Eric Adams, a former police captain, has won the Democratic primary for mayor of New York City after appealing to the political center and promising to strike the right balance between fighting crime and ending racial injustice in policing.
Adams would be the city’s second Black mayor if elected. He triumphed over a large field in New York’s first major race to use ranked-choice voting.
As of Tuesday evening, Adams had a lead of one point over his closest rival, Kathryn Garcia, according to the latest count of ballots. The Associated Press declared Adams the winner of the race shortly after a new round of vote totals was released.
“I grew up poor in Brooklyn and Queens. I wore a bulletproof vest to keep my neighbors safe. I served my community as a state senator and Brooklyn borough president,” Adams said in a statement shared on Twitter. “And I’m honored to be the Democratic nominee to be the mayor of the city I’ve always called home.”
Tuesday’s updated vote count included some 125,000 absentee ballots. In-person and early votes were previously published on 29 June, when Adams had the lead.

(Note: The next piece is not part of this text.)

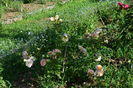 Concerto 94 plantat in toamna...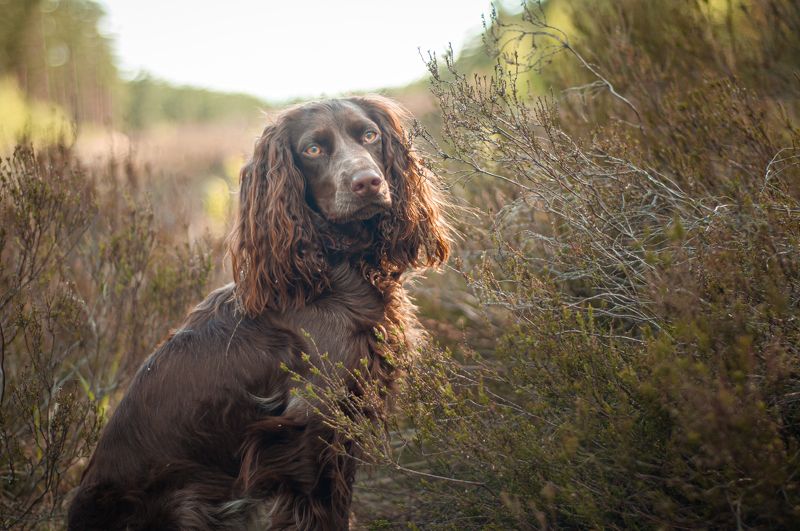 Айтиphoto preview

The winner of the Democratic primary is likely to win the mayoral election proper in November, given the left-leaning politics of the city and an unheralded Republican opponent. Curtis Sliwa, a talk radio host and founder of the Guardian Angels volunteer crime prevention group, won the Republican primary.
Adams’ closest vanquished rivals included Garcia, the former city sanitation commissioner who campaigned as a technocrat and proven problem-solver, and the former city hall legal adviser Maya Wiley, who had progressive support including an endorsement from Alexandria Ocasio-Cortez.
Andrew Yang, the 2020 presidential candidate known for his proposed universal basic income, was an early favorite but faded in the race.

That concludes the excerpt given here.